Cost of dropping a read shield

To drop a read shield, the MPS must scan (degrey) the segment. In most cases this has little cost, as the segment would need to be scanned eventually anyway. (Though for non-moving pools it might cause more and smaller segment scans).

But if the segment contains grey (for a flipped trace) references into a band later than the band the trace is currently on, this will cause band promotion of all grey references in the segment. A notable case is weak references: if the trace has not reached the weak band yet, then weak references cannot be splatted, and all objects weakly referenced by grey references on this segment will be preserved. They in turn will preserve more, and this can cause massive weak retention.

In contrast, choosing to step would only band-promote a single reference.

Remember that condemned segments in non-moving pools may need to be scanned several times in a single collection. Dropping the read shield once is not the end of the story: if more references on the seg are subsequently greyed, the read shield will be raised again.

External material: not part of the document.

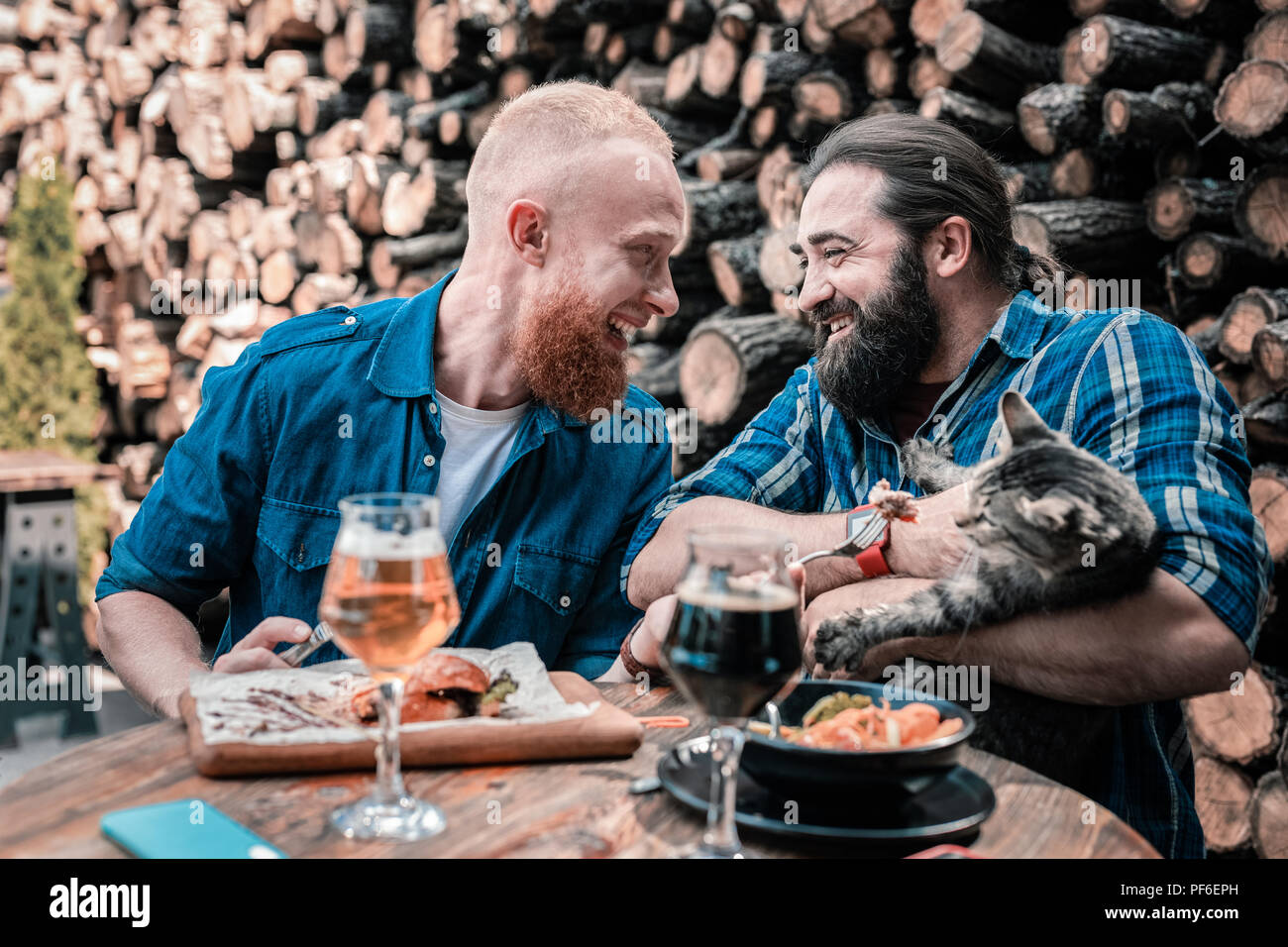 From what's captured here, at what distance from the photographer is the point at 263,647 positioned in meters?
1.59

Cost of dropping a write shield

To drop a write shield, the MPS must zap the segment's summary. This has little cost, so the MPS is happy to drop a write shield. (The cost of stepping would be too high to be worth it).

Cost of stepping

Stepping a single instruction requires a lot of code, but the higher cost is that the shield is left in place, and may be hit again and again.

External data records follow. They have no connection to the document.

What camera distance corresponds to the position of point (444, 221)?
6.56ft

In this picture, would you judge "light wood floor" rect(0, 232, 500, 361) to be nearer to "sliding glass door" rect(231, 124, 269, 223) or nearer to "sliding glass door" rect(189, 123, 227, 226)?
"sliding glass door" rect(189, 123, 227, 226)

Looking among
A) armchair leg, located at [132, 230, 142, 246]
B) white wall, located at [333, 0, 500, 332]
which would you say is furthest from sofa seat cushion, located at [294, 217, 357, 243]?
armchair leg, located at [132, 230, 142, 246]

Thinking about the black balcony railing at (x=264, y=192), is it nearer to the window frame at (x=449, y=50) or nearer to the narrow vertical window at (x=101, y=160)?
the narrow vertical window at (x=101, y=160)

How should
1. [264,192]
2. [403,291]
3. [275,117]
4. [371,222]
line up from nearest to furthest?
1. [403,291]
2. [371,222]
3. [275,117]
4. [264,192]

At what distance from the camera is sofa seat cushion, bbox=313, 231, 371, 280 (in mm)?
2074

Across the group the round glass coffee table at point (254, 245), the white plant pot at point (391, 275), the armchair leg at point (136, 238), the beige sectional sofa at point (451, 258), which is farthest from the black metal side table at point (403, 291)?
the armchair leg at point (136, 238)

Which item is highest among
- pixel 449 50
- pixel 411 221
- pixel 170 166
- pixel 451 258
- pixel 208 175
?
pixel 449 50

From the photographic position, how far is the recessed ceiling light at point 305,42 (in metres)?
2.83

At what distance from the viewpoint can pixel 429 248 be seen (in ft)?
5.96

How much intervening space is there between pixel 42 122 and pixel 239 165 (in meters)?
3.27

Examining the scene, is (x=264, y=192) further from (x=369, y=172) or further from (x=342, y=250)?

PoolAWL can keep a count of the number of times stepping was chosen. If stepping happens too much, it can give up and just drop the shields instead.

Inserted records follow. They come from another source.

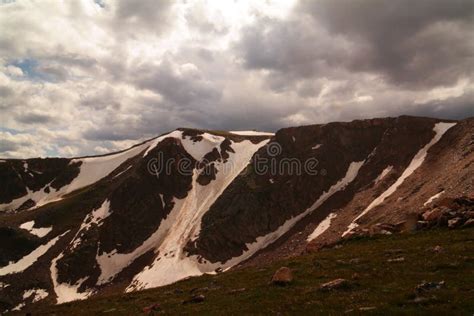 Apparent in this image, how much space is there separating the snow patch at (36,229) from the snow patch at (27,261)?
6098 millimetres

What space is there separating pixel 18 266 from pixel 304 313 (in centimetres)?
12603

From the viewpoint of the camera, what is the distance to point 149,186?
143375 millimetres

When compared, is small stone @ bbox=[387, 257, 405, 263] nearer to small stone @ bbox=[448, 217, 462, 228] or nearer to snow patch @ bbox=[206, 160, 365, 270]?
small stone @ bbox=[448, 217, 462, 228]

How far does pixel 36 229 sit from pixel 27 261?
54.5 feet

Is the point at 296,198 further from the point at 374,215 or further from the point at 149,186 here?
the point at 149,186

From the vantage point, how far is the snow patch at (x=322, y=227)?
3685 inches

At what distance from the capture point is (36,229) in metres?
134

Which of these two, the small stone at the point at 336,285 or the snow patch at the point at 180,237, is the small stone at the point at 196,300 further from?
the snow patch at the point at 180,237

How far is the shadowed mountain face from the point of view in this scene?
10119cm

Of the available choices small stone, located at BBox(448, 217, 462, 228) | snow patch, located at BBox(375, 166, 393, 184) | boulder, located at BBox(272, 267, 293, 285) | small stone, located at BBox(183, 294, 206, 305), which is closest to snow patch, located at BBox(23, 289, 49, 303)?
small stone, located at BBox(183, 294, 206, 305)

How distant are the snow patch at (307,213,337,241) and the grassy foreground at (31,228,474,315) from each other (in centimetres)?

What Happens When A Shield Is Hit

This happens:

sigHandle (prot*.c)
 ArenaAccess
  PoolAccess (pool.c)
   (pool->class->access)

For AWL, AWLAccess() ...

[ INCOMPLETE RHSK 2007-09-30 ]

B. Document History

  2007-09-27  RHSK  Created.
  2007-09-30  RHSK  Introduction.
  2007-10-01  RHSK  Which Barriers Were Hit?
  2007-10-03  RHSK  Shield != Barrier: use correct terminology throughout.
  2007-10-02  RHSK  Choosing Approach

C. Copyright and License

Redistribution and use in source and binary forms, with or without modification, are permitted provided that the following conditions are met:

Redistributions of source code must retain the above copyright notice, this list of conditions and the following disclaimer.
Redistributions in binary form must reproduce the above copyright notice, this list of conditions and the following disclaimer in the documentation and/or other materials provided with the distribution.
Redistributions in any form must be accompanied by information on how to obtain complete source code for the this software and any accompanying software that uses this software. The source code must either be included in the distribution or be available for no more than the cost of distribution plus a nominal fee, and must be freely redistributable under reasonable conditions. For an executable file, complete source code means the source code for all modules it contains. It does not include source code for modules or files that typically accompany the major components of the operating system on which the executable file runs.

This software is provided by the copyright holders and contributors "as is" and any express or implied warranties, including, but not limited to, the implied warranties of merchantability, fitness for a particular purpose, or non-infringement, are disclaimed. In no event shall the copyright holders and contributors be liable for any direct, indirect, incidental, special, exemplary, or consequential damages (including, but not limited to, procurement of substitute goods or services; loss of use, data, or profits; or business interruption) however caused and on any theory of liability, whether in contract, strict liability, or tort (including negligence or otherwise) arising in any way out of the use of this software, even if advised of the possibility of such damage.